正直なところ、過去のGRシリーズには撮り手がいろいろと「使いこなす」必要があったように思います。ちょっとAFが弱かったり。今作はそのAFも含めて本当に隙が見当たらなくなったなと感じ入りました。なんだかんだとデジタル時代の各世代すべてを手に入れてきていますが、今作「GR IV」は、個人的にGRというカメラのコンセプトをまさに体現するカメラに仕上がったんだなあと感じます。少し硬さを感じてきた画にもリッチさが感じられるし、起動の速さやAFの正確さ、UIの作り込みや撮影に即した物理ボタンの練り込み、ボディ形状など本当によく作り込まれていると感じられます。使い込んだスパナのように手に馴染み、目で見ずともナットにかけたときの感触がリニアに伝わって確実に回せる。そしてその道具に与えられる圧倒的な信頼感。喩えればそんなカメラに仕上がっています。主戦場はストリートでのスナップなのでしょうし、これだけそこにフォーカスしたカメラも外を見渡してありません。しかし、ポケットから取り出したスグそこ、その場からがすべて主戦場になるカメラです。何より小さいカメラだからと何か突出して扱いにくさを感じる部分などは皆無。画角からしても、あらゆるものを捉えられます。作例にはありませんが、まあ寄れますし、この焦点距離でも寄れば大きく美しいボケを結んでくれます。「スナップなんてやらない」なんて人でも、テーブルに並んだ料理を撮ったり、旅先で見た景色を記録したり「視覚のメモ」はやるでしょう。そんな使い道にも最高のカメラ。そして手首にぶら下げて街を歩き、不意にフレームしてみてください。この振り回せる感覚、威圧感を与えないサイズ、レスポンスの良さ、景色に分け入ることのできる凄さを感じると、、、スナップが楽しくなると思います。
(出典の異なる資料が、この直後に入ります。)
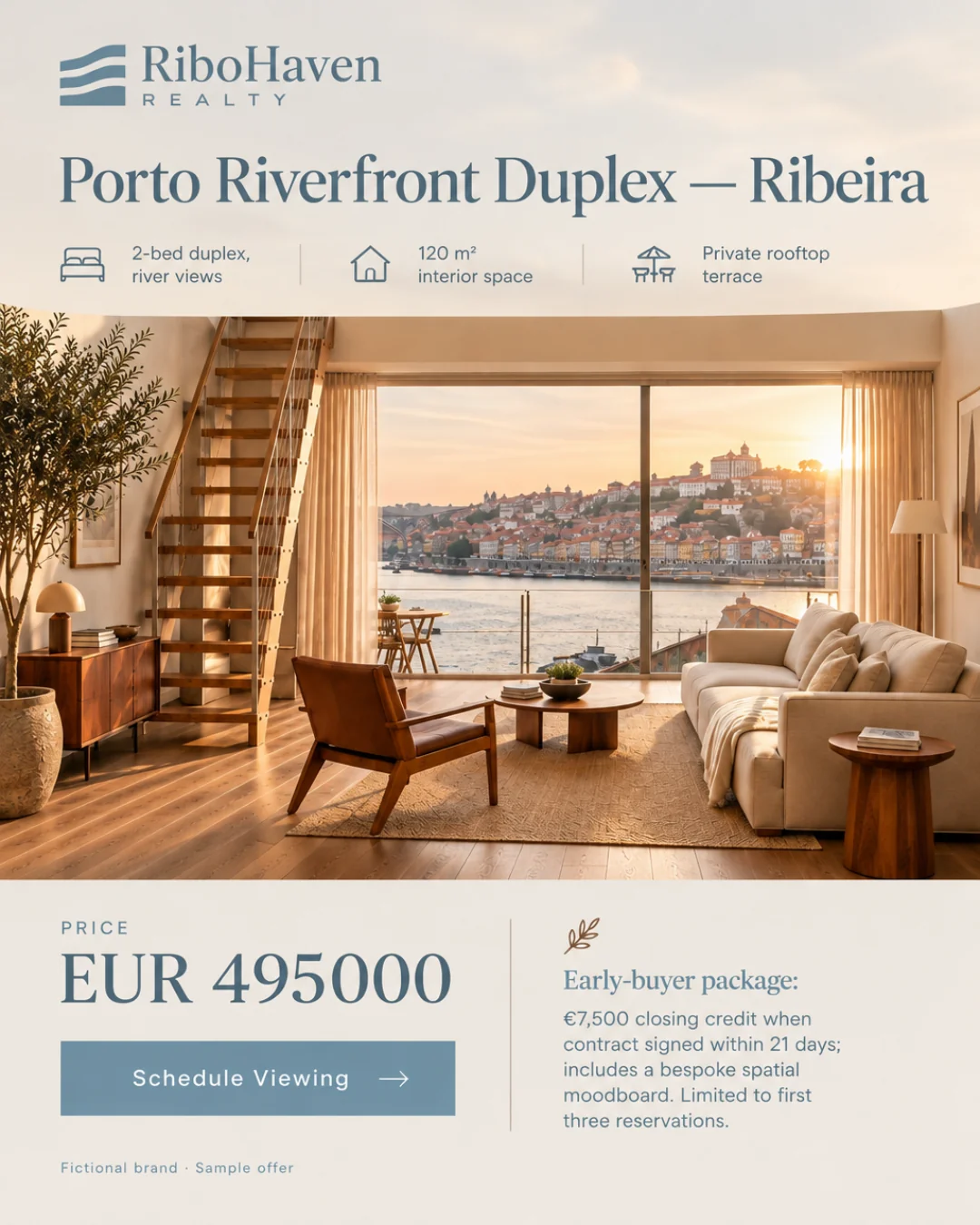 Dúplex frente al río en Ribeira, Oporto · 4:5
  • PHOTO YODOBASHI歴代GRのデザインを踏襲しているため、外観に大きな変化はありませんが、GR II→IIIでダウンサイジングに合わせて省略された露出補正の+/-スイッチ(背面右上)が復活。露出モードダイヤルにはスナップ撮影距離優先AE「Sn」が追加されました。
  • PHOTO YODOBASHIバッテリーは従来のDB-110からDB-120へと大容量化。撮影枚数も約200枚→約250枚と増加しています。対応メディアはSD/SDHC/SDXCからmicroSD/microSDHC/microSDXC(UHS-I規格に対応)へ。内蔵メモリーも約2GB→約53GBへと大容量化されました。

( 2025.09.01 )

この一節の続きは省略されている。